Em sua última participação nesta coluna,
Carlos Bastide Horbach pergunta: “é preciso mais deliberação no Supremo
Tribunal Federal?” A seguir, dentre outras considerações, destaca a
importância de membros do Supremo Tribunal Federal experimentados na
seara política. A propósito, vale aprofundar algumas reflexões sobre o
ponto, mormente para projetar emprego consistente de um dos mais
elementares métodos de interpretação constitucional, o histórico.
Há
alguns anos, em palestra na Faculdade de Direito do Largo de São
Francisco, José Manuel Cardoso da Costa, professor da Faculdade de
Direito da Universidade de Coimbra, que presidiu durante quase quinze
anos o Tribunal Constitucional português, destacava a importância de
compor uma Corte Constitucional com pessoas de “diferentes
sensibilidades”.
Com efeito, órgão da espécie, no melhor sentido
da expressão, é um órgão político, uma vez que protege um documento
eminentemente político, a Constituição. Não pode ser um órgão
partidário, mas é natural que seja político.
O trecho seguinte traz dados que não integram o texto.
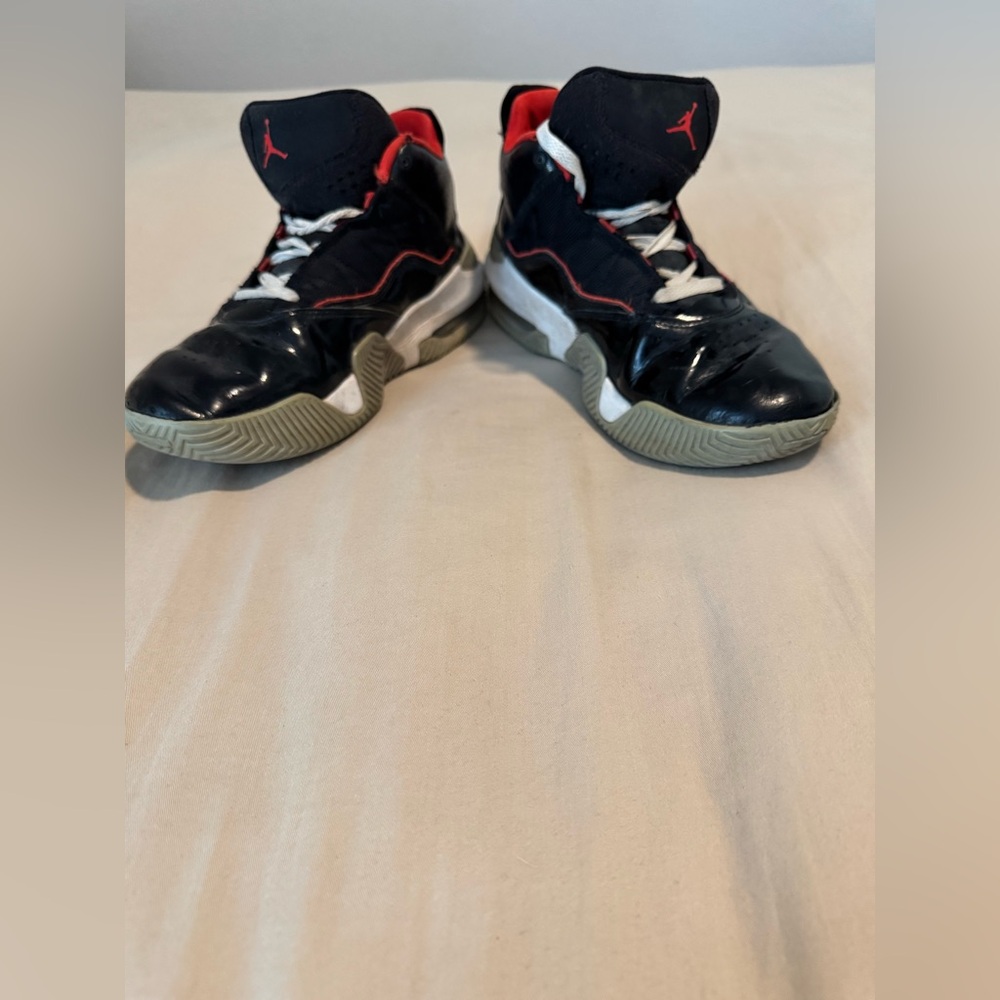Black and Red Jordan Shoes Boys 6.5Y - Used - Picture 7 of 8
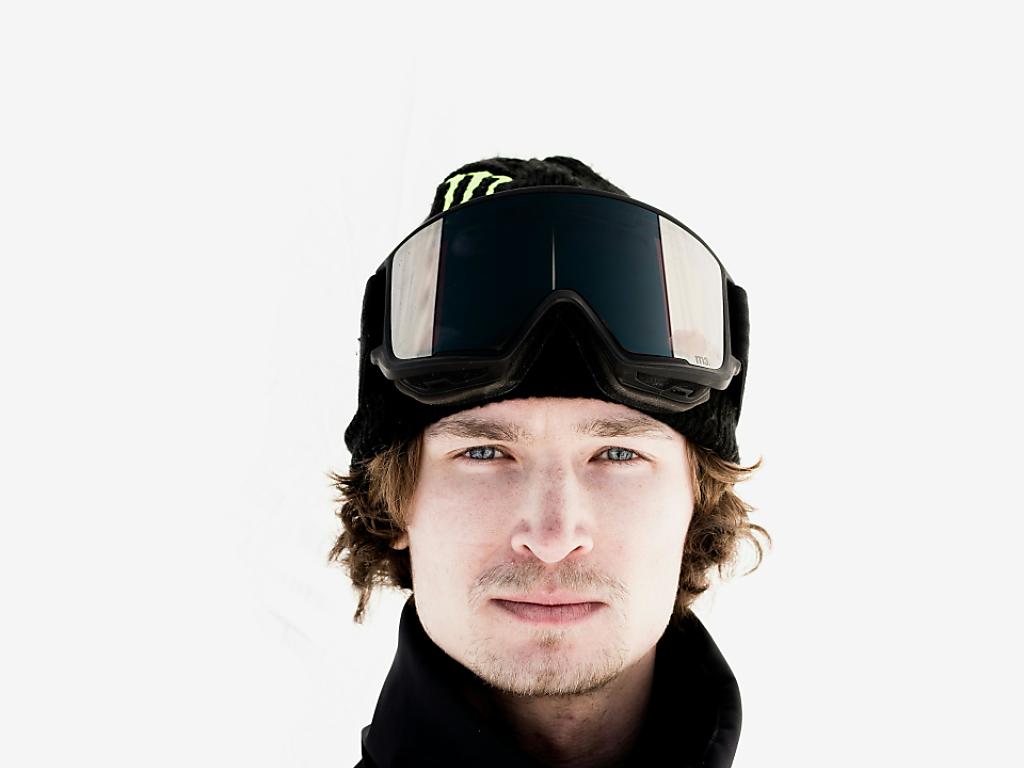 Iouri Podladtchikov gibt OlympiaForfait 1815.ch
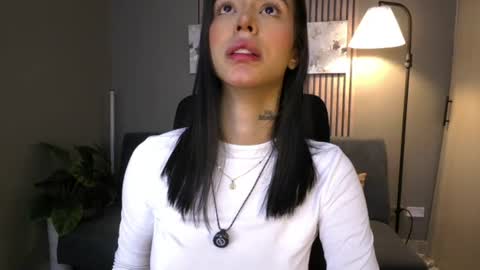 Snapshot of valentina_vegaa chatting on 07-30-26, 02:27 Val online show from 07-30-26, 02:27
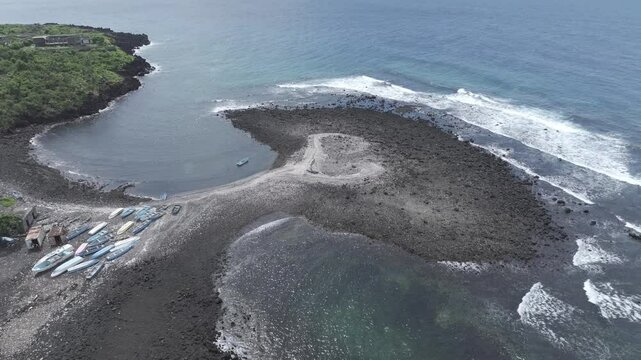 Comoros, Grande Comore, Foumbouni, ilot la Tcheka, ascending with tilt down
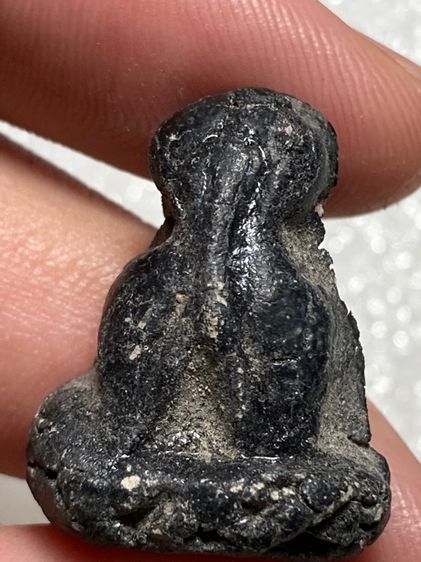 พระปิดตาเนื้อผงเก่า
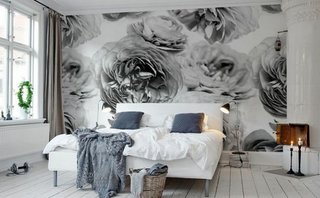 Dormitor cu tapet decorativ alb cu negru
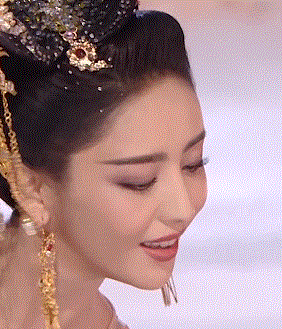 Mỹ nhân Tân Cương gây sốt với điệu vũ tiên sa khiến cơ thể thanh, gọn - 3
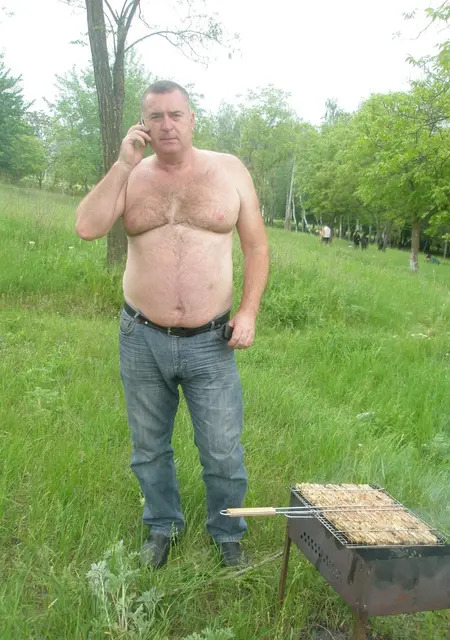 Андрей из Кишинёва, ищу на сайте знакомства без обязательств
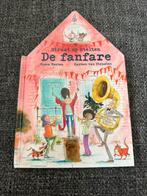Straat op Stelten | De Fanfare Tosca Menten Harmen Straaten, Ophalen of Verzenden, Zo goed als nieuw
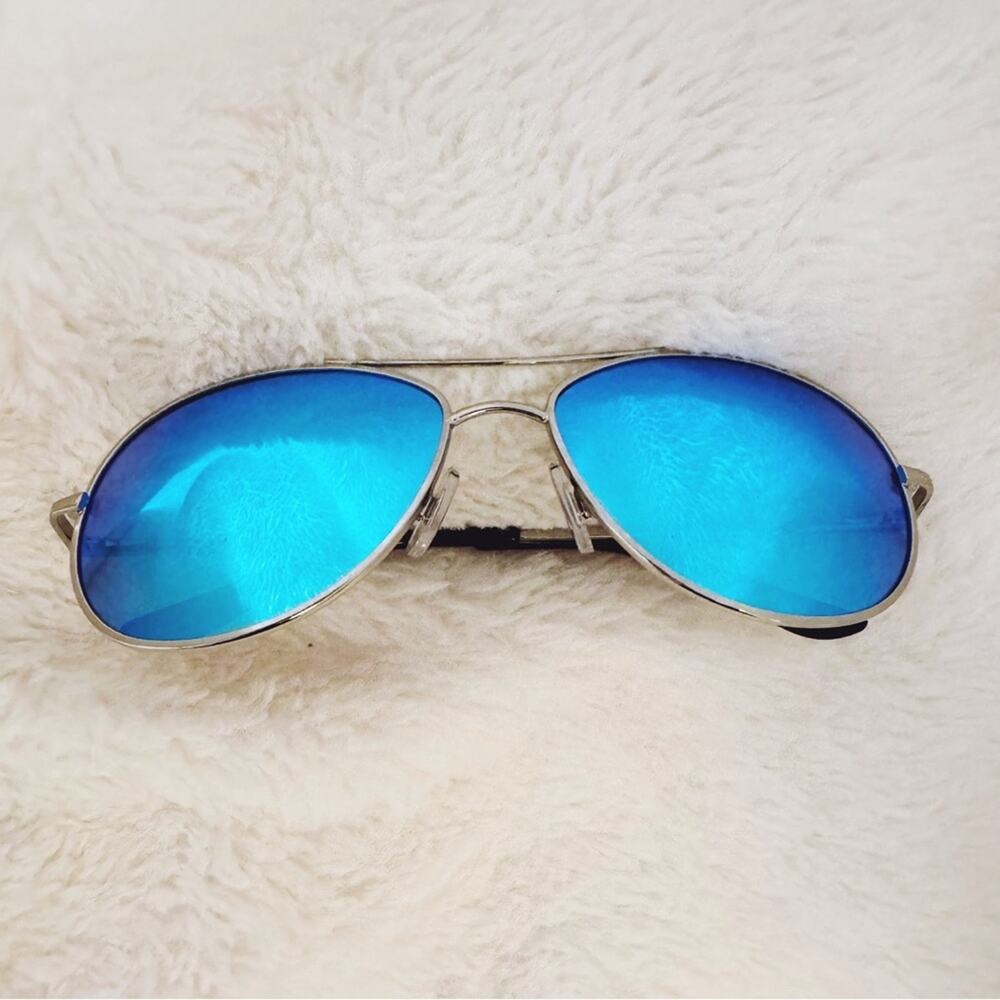 Jessa Blue Polarized Classic Aviator Sunglasses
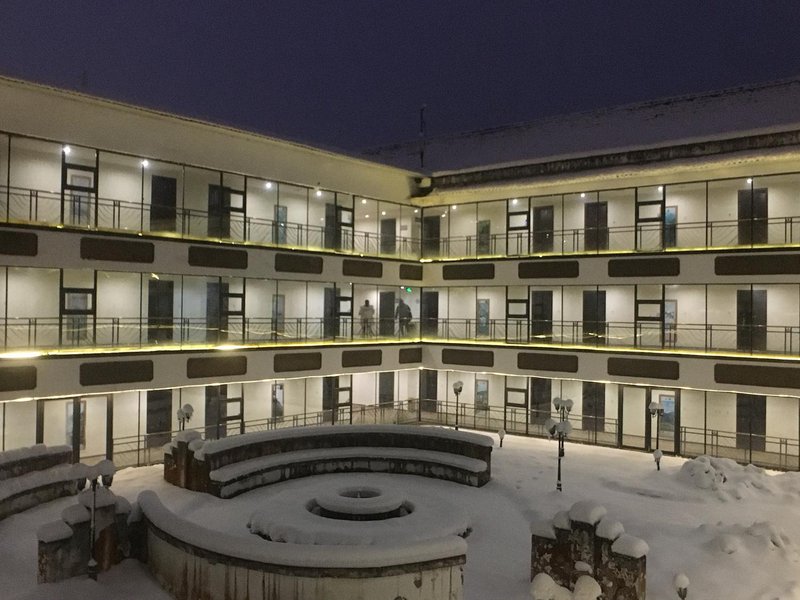 Xiling Snow Mountain Maple Leaf Hotel Over view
Para tanto, é essencial que
tenha em seus quadros pessoas de diferentes sensibilidades, ou seja,
egressos da magistratura de carreira, do Ministério Público, da
advocacia (pública e privada), da academia e da própria “seara
política”, representativos de variadas maneiras de compreender o mundo,
aí incluídos positivistas, jus-naturalistas, etc.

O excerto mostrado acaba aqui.